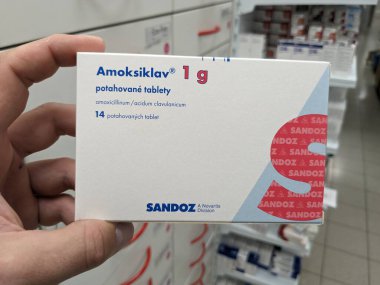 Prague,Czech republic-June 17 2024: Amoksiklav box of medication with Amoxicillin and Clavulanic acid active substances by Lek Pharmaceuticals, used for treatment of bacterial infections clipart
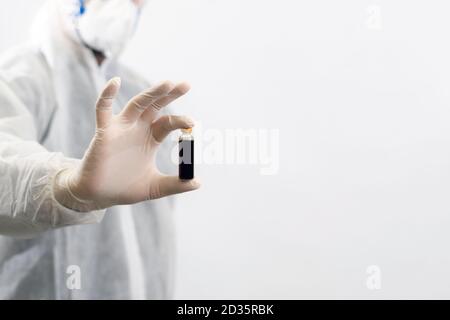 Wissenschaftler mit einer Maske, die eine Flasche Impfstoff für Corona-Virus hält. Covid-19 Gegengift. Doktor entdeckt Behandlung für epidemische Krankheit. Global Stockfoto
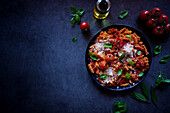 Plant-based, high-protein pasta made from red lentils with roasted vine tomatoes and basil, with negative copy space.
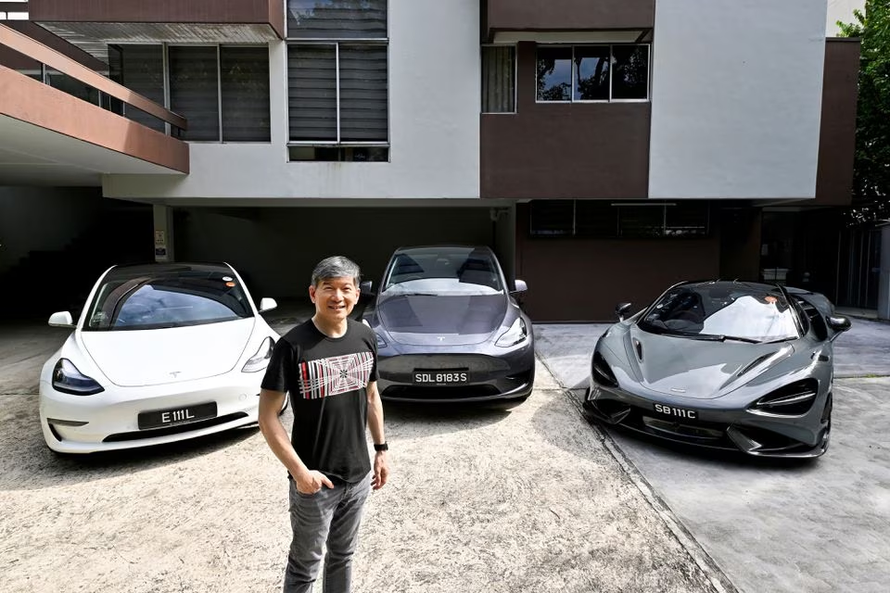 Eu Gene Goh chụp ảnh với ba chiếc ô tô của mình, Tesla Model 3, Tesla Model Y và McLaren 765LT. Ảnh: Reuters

++++++++

**Assigned task:** The whole listing should be printed again exactly as written, images excluded.

**Output of the exercise:**
 Prague,Czech republic-June 17 2024: Amoksiklav box of medication with Amoxicillin and Clavulanic acid active substances by Lek Pharmaceuticals, used for treatment of bacterial infections clipart
 Wissenschaftler mit einer Maske, die eine Flasche Impfstoff für Corona-Virus hält. Covid-19 Gegengift. Doktor entdeckt Behandlung für epidemische Krankheit. Global Stockfoto
 Plant-based, high-protein pasta made from red lentils with roasted vine tomatoes and basil, with negative copy space.
 Eu Gene Goh chụp ảnh với ba chiếc ô tô của mình, Tesla Model 3, Tesla Model Y và McLaren 765LT. Ảnh: Reuters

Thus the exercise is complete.